[[ Records to process open ]]

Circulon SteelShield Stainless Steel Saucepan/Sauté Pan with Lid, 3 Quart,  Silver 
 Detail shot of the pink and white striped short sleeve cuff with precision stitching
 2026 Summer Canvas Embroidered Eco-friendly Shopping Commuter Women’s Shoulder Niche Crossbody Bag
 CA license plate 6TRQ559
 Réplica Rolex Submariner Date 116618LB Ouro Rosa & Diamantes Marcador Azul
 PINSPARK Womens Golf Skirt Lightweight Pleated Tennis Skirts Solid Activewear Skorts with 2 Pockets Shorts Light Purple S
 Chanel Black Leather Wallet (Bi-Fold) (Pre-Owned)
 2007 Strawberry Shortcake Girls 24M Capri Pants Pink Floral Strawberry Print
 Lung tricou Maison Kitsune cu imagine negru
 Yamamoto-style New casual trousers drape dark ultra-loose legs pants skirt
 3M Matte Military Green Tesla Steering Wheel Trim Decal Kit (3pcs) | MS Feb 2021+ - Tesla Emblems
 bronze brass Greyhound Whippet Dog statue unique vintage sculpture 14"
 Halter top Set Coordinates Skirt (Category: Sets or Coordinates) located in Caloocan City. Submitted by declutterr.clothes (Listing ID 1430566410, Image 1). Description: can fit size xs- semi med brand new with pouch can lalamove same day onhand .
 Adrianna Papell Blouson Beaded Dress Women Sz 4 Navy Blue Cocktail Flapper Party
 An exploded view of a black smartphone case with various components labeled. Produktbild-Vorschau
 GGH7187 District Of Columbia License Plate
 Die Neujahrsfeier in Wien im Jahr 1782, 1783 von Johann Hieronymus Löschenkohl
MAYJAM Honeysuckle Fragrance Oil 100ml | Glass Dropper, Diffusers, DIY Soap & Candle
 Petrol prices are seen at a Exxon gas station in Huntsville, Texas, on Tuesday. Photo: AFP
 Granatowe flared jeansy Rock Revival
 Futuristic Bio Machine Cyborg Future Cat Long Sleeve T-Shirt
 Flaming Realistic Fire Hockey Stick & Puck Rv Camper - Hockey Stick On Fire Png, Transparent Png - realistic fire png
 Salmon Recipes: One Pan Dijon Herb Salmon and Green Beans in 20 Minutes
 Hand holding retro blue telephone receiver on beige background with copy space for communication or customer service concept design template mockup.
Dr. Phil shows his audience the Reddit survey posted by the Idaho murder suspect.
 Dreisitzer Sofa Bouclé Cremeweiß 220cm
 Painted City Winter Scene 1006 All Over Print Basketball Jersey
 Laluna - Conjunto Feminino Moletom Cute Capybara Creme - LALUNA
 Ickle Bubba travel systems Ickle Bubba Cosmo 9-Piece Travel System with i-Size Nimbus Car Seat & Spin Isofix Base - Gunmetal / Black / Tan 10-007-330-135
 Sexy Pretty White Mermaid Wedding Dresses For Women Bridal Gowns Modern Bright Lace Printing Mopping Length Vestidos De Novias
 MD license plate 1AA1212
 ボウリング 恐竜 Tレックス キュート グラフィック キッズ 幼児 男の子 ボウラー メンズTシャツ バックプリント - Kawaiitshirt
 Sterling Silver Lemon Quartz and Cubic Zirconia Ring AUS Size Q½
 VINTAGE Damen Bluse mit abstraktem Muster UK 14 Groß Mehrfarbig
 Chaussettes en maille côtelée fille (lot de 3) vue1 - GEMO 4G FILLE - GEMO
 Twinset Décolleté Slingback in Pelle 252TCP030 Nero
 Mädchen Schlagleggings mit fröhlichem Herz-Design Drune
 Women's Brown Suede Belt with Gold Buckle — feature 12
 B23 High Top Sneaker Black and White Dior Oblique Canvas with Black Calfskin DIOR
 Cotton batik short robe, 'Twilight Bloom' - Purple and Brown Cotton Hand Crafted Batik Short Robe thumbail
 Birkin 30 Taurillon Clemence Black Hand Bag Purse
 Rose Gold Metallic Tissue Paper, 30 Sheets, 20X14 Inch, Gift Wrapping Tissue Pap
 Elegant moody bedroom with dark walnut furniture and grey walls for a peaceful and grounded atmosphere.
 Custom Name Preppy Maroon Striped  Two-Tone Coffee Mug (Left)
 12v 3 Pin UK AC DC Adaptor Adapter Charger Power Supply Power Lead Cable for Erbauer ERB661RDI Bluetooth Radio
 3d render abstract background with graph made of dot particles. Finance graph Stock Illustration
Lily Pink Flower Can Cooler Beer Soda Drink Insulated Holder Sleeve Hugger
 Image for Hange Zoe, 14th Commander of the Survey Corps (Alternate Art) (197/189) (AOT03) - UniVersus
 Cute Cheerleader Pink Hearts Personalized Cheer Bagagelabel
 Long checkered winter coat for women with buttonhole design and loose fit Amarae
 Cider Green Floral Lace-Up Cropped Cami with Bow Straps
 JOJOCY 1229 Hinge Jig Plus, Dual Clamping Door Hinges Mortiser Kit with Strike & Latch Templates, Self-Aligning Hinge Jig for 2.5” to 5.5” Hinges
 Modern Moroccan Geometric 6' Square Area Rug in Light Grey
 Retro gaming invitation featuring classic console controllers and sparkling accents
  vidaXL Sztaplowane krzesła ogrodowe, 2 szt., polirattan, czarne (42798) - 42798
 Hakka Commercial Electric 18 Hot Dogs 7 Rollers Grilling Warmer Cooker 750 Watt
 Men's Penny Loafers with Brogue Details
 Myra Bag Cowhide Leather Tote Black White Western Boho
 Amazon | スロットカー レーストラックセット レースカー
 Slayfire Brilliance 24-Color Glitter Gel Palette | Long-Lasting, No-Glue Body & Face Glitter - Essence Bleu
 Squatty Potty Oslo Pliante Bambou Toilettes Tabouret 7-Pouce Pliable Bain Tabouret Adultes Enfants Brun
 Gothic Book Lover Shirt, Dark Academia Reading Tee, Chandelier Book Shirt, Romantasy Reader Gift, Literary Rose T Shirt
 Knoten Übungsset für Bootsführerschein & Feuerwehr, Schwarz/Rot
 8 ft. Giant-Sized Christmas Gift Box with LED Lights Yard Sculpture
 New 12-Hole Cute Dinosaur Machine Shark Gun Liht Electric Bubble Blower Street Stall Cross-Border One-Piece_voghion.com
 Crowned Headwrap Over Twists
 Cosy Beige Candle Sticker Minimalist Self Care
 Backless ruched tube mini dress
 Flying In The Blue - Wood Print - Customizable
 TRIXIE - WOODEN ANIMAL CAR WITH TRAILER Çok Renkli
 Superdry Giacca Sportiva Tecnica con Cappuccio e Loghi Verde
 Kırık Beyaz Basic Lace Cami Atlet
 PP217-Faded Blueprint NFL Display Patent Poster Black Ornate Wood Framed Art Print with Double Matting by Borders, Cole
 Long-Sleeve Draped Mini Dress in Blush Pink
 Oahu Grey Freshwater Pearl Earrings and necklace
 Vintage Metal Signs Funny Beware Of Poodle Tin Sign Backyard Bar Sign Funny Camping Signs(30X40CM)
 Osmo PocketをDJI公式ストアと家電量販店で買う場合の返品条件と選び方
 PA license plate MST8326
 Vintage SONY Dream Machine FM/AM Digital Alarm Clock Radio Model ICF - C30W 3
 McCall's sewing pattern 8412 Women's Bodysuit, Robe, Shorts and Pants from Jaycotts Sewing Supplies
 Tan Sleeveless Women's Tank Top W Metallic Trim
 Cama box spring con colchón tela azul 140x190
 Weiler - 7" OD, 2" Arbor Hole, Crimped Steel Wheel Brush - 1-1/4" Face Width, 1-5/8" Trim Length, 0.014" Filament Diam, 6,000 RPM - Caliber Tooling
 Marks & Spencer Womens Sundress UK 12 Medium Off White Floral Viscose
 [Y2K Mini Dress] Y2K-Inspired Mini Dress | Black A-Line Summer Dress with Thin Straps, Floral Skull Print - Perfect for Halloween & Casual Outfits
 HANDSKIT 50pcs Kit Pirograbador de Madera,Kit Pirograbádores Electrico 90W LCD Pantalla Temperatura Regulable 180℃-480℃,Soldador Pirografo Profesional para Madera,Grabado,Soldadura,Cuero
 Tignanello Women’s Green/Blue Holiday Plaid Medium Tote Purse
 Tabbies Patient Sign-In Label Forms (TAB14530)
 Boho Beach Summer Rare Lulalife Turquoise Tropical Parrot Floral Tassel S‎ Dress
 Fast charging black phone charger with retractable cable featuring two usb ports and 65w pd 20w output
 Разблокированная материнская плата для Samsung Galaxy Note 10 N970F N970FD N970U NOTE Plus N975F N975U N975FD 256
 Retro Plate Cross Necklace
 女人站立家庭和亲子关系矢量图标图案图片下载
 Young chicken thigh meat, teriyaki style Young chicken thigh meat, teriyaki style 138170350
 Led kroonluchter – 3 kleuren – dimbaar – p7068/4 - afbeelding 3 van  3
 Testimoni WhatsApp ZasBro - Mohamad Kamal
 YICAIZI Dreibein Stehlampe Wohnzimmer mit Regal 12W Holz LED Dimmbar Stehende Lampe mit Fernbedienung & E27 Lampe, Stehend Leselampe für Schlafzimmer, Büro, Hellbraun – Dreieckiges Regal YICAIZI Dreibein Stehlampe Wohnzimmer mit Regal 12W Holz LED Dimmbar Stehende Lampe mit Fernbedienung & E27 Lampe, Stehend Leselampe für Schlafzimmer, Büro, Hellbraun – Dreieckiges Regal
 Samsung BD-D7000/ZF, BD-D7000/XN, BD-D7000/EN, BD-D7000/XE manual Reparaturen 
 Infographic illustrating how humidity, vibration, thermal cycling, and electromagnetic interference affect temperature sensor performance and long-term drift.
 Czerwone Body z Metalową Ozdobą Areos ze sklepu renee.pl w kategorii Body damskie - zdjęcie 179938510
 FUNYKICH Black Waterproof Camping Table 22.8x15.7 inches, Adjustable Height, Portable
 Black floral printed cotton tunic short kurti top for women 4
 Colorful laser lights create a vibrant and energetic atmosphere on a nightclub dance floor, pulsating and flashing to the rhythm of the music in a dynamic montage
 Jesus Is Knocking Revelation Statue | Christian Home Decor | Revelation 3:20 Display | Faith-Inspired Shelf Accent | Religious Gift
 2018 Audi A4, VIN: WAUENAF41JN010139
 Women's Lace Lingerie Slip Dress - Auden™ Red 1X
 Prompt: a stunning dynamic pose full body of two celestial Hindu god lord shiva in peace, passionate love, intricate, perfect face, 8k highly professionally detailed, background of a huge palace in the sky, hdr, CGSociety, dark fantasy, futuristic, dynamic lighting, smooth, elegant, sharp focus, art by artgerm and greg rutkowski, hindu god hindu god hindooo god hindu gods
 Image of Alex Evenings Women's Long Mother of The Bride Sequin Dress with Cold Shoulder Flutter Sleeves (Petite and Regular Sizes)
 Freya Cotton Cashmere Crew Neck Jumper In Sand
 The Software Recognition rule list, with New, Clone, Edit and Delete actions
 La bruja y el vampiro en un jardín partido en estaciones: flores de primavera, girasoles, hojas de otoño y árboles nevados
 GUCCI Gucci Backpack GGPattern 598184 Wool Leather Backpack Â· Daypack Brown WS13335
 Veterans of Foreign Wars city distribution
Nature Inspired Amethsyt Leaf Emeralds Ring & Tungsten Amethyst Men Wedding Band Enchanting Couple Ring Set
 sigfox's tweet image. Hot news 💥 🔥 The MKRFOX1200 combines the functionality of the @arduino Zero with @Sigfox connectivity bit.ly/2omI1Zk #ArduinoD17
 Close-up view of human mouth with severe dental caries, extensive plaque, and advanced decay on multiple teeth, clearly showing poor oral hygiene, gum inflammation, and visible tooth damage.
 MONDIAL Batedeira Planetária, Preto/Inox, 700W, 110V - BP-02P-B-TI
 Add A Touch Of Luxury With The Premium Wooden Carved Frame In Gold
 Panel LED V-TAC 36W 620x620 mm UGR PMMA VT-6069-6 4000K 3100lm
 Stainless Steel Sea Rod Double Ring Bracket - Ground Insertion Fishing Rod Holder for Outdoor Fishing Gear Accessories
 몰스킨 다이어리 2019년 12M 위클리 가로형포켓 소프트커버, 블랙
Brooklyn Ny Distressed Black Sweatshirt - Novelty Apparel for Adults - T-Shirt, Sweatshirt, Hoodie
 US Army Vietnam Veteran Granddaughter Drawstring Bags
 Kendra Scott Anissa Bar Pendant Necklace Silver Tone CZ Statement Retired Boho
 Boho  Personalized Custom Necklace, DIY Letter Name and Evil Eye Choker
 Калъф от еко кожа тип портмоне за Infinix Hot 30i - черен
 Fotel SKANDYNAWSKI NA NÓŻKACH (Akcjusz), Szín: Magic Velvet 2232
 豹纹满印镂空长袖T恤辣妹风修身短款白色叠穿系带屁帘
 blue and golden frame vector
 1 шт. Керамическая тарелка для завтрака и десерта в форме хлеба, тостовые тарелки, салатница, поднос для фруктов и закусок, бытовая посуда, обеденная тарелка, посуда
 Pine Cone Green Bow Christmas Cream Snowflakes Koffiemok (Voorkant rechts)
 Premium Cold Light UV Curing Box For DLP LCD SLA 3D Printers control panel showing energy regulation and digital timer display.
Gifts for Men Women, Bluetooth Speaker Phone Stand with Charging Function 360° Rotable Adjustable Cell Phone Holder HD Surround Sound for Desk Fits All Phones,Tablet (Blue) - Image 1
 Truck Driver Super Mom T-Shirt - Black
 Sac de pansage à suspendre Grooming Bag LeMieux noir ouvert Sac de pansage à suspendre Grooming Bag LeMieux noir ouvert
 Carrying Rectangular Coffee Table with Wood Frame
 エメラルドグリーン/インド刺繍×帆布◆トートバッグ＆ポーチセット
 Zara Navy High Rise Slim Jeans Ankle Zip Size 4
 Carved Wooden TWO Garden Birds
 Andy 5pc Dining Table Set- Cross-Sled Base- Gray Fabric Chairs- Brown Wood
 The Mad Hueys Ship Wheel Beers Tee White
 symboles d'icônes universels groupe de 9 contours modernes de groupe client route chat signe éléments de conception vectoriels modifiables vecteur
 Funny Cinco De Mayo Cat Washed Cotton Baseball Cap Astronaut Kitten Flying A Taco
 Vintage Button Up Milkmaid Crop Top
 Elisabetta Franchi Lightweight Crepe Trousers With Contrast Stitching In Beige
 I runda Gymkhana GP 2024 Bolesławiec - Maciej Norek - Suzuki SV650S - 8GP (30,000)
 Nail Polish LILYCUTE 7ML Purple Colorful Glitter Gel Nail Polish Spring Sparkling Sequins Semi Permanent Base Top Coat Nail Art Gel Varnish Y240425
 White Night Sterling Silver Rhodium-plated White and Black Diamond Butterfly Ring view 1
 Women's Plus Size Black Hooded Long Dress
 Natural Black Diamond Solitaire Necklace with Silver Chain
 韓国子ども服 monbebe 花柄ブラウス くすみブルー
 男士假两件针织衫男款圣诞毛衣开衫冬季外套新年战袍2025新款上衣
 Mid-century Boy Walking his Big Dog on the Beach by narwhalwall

[[ Records to process closed ]]

§ **What the task requires**: Only those lines of the entries above that run from the line containing "Retro Plate Cross Necklace" to the line containing "Black floral printed", both included, should be transcribed exactly.

§ **Output of the exercise**:
 Retro Plate Cross Necklace
 女人站立家庭和亲子关系矢量图标图案图片下载
 Young chicken thigh meat, teriyaki style Young chicken thigh meat, teriyaki style 138170350
 Led kroonluchter – 3 kleuren – dimbaar – p7068/4 - afbeelding 3 van  3
 Testimoni WhatsApp ZasBro - Mohamad Kamal
 YICAIZI Dreibein Stehlampe Wohnzimmer mit Regal 12W Holz LED Dimmbar Stehende Lampe mit Fernbedienung & E27 Lampe, Stehend Leselampe für Schlafzimmer, Büro, Hellbraun – Dreieckiges Regal YICAIZI Dreibein Stehlampe Wohnzimmer mit Regal 12W Holz LED Dimmbar Stehende Lampe mit Fernbedienung & E27 Lampe, Stehend Leselampe für Schlafzimmer, Büro, Hellbraun – Dreieckiges Regal
 Samsung BD-D7000/ZF, BD-D7000/XN, BD-D7000/EN, BD-D7000/XE manual Reparaturen 
 Infographic illustrating how humidity, vibration, thermal cycling, and electromagnetic interference affect temperature sensor performance and long-term drift.
 Czerwone Body z Metalową Ozdobą Areos ze sklepu renee.pl w kategorii Body damskie - zdjęcie 179938510
 FUNYKICH Black Waterproof Camping Table 22.8x15.7 inches, Adjustable Height, Portable
 Black floral printed cotton tunic short kurti top for women 4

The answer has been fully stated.